Driving home today, I heard a segment on NPR dedicated to SmithMag's popular Six Word Memoirs. You know the idea - derived from Hemingway's famous six-word novel (For Sale: Baby Shoes, Never Worn), the principle involves an attempt to convey a meaningful idea, or, better, an entire life, in six words. Many of the examples, unsurprisingly, feel a bit incomplete, but a few do deliver, and it's worth scrolling through the website for a few minutes, just to gain a sense of what's possible, in an extremely condensed format. Or, if you're feeling flush, you can always order the recent published collection, which is named for one of the memoirs featured in it. It's called It All Changed in an Instant.

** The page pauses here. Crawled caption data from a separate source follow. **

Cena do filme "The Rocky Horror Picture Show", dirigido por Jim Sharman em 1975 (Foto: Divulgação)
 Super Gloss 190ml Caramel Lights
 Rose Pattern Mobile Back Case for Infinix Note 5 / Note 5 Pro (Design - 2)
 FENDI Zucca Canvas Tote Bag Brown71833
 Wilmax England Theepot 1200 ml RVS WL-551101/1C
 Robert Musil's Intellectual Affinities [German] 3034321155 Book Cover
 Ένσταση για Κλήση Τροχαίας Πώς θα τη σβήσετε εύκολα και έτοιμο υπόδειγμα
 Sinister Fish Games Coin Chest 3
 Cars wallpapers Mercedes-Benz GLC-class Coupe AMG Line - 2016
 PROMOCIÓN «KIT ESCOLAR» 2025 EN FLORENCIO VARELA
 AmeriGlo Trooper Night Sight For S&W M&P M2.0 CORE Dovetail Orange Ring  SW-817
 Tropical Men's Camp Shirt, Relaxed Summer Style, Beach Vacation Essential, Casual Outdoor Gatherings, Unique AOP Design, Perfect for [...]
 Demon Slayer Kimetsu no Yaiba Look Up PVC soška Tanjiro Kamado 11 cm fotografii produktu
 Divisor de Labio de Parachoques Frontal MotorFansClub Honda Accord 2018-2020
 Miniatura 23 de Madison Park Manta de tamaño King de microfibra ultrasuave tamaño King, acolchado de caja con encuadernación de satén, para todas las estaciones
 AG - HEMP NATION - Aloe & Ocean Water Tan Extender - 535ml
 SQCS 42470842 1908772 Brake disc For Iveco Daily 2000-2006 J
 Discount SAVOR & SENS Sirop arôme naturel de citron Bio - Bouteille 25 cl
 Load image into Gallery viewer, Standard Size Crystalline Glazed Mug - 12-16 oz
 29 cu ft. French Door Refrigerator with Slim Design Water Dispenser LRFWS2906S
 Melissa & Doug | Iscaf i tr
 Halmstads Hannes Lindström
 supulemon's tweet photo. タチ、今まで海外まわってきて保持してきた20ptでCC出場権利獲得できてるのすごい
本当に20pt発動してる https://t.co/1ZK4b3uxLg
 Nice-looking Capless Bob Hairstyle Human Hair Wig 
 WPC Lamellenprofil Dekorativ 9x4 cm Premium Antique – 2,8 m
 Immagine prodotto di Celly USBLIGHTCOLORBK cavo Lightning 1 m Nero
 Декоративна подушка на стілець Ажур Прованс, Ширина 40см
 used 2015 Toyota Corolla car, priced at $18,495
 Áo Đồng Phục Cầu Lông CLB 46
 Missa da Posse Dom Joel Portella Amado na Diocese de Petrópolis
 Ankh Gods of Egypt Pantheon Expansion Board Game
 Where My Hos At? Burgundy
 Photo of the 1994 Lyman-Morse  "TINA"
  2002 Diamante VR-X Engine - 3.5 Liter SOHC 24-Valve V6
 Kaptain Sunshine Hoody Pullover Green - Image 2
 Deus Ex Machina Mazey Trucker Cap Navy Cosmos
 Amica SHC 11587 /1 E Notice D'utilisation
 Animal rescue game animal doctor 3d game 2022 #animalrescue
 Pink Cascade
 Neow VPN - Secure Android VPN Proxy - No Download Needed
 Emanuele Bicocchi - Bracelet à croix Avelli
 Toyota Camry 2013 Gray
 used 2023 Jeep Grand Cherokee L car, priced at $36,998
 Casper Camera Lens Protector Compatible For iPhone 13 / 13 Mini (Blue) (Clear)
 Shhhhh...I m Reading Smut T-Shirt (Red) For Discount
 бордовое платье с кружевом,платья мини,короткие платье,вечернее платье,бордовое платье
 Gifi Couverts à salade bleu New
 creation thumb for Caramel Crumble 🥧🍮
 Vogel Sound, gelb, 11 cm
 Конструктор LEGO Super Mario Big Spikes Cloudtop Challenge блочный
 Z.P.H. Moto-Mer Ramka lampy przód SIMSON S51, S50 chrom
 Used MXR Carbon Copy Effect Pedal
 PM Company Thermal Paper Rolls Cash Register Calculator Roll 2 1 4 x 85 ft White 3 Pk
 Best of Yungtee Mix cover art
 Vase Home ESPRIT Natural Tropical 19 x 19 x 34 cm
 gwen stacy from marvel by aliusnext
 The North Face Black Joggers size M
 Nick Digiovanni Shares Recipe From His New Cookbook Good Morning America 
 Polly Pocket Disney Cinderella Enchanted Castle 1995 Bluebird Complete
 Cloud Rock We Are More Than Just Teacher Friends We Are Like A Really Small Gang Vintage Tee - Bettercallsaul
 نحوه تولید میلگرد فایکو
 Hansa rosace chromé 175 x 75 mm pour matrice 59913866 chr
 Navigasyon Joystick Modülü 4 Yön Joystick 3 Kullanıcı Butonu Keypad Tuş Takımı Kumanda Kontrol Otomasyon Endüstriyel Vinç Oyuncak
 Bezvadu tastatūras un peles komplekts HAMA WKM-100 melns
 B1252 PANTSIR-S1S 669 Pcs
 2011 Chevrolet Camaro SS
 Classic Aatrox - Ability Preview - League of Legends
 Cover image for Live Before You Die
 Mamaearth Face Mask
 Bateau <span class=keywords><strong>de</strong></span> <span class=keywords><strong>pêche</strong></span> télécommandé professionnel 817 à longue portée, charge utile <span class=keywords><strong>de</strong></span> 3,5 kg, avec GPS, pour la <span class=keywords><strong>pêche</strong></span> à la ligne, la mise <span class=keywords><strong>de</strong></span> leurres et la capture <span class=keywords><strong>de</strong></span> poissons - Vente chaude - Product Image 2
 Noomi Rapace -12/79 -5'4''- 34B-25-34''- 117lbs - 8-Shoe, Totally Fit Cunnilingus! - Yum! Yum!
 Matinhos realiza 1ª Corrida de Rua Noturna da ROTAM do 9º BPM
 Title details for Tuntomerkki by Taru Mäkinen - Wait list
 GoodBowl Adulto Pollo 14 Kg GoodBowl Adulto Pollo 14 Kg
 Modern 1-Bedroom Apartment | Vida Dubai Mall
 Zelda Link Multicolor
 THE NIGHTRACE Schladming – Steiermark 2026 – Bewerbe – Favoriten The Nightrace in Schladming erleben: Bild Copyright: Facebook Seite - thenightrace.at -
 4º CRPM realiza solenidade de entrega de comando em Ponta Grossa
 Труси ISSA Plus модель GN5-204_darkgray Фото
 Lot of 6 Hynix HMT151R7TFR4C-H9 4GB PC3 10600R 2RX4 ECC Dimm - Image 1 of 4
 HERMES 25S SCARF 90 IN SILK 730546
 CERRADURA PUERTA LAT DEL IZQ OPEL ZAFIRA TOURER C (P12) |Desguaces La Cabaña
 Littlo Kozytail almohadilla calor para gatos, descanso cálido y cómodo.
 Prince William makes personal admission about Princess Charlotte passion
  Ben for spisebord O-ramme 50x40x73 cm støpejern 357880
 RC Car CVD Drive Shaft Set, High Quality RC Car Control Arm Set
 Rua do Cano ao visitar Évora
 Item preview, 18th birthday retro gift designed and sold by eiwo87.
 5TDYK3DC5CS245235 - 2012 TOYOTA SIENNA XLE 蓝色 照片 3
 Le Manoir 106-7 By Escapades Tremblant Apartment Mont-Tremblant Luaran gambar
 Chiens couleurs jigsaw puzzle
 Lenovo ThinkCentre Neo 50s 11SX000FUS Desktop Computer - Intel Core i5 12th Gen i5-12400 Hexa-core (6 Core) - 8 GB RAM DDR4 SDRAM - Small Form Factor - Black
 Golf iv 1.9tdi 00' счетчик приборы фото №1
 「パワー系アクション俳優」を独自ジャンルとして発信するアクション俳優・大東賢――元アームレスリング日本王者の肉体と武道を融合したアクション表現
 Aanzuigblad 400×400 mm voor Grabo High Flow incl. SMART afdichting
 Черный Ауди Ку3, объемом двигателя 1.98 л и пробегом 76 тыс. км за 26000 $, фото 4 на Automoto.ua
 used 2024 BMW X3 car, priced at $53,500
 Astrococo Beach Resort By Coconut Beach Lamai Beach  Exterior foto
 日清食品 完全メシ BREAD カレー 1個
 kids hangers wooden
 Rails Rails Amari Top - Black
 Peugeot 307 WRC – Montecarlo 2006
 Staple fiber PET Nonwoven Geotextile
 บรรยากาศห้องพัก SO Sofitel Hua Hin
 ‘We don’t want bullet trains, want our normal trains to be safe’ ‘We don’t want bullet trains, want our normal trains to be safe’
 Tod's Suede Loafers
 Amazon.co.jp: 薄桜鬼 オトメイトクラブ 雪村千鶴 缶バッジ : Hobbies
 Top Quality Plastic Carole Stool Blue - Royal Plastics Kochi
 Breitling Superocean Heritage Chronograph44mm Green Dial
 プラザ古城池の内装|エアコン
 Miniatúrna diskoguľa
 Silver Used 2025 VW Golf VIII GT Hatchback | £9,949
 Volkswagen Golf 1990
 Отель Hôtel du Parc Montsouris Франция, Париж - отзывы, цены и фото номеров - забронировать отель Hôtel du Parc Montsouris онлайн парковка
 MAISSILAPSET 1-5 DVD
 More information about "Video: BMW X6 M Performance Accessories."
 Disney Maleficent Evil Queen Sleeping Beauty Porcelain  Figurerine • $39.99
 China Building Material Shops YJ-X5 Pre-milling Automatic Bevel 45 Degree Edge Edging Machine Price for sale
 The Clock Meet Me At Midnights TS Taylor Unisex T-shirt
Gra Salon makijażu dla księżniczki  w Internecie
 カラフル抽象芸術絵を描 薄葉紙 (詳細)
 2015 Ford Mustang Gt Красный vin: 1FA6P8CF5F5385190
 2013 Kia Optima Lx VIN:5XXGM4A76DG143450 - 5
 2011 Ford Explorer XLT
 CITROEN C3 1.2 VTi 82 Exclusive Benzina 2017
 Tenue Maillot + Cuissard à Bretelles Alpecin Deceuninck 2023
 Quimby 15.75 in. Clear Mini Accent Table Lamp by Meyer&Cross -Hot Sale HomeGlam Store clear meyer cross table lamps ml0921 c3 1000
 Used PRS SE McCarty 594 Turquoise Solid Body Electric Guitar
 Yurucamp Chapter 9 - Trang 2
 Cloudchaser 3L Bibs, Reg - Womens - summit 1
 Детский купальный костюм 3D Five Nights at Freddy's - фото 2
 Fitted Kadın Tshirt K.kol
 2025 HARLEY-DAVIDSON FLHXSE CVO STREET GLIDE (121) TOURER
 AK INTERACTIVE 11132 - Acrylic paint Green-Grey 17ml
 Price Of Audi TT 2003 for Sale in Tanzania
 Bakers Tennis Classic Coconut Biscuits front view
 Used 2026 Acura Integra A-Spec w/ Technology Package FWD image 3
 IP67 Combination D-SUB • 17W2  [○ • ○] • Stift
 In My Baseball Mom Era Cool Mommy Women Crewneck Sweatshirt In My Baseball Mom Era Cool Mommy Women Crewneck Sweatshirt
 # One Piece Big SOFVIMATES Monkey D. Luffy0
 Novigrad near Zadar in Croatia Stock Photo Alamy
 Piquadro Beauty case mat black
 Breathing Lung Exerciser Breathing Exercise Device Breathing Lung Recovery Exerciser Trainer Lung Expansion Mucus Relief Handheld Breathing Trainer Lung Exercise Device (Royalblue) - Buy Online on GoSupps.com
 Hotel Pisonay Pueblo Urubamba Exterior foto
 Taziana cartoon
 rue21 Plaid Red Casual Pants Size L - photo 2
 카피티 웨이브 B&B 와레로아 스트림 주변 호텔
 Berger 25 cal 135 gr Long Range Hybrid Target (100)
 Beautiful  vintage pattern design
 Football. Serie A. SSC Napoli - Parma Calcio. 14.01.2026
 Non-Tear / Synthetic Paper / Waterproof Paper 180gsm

Can it all change in an instant? Well, it certainly seemed so last night, when I walked out of my criticism class shortly before 10 p.m., exhausted, with Diderot on my mind, only to find myself in one of the loveliest snowstorms I've ever seen. The whole world was transformed, as inches of fluffy white fell on trees, and sidewalks, and cars. The beauty of Joyce's famous closing sentences in The Dead; the sudden transformative power of a haiku.

Parenting, though, rarely involves such dramatic changes, simply because we're so consistently present in our children's lives. Cleo's a lot bigger now than she was in November, but she's not much larger than she was yesterday, and so L. and I don't register the growth as sudden, or as surprising. Still, every now and then I am surprised at some new talent or interest that seems almost to spring out of nowhere. For instance, she's been holding small objects for months now, and has long been interested in tugging at or hugging the bottle as she's fed. Still, the seeming confidence and maturity that she exhibited two days ago when I let her have a turn struck me as simply breathtaking:

It doesn't, generally speaking, all change in an instant. Things evolve; things age. But those slow, organic processes that form the common pace of our lives only throw into high relief, I suppose, moments of real change. And, too, they form the staid extended narrative against which the six-word memoir gains its force. We live much of our lives at the pace of a novel. It's exciting, then, when action occurs in compressed form.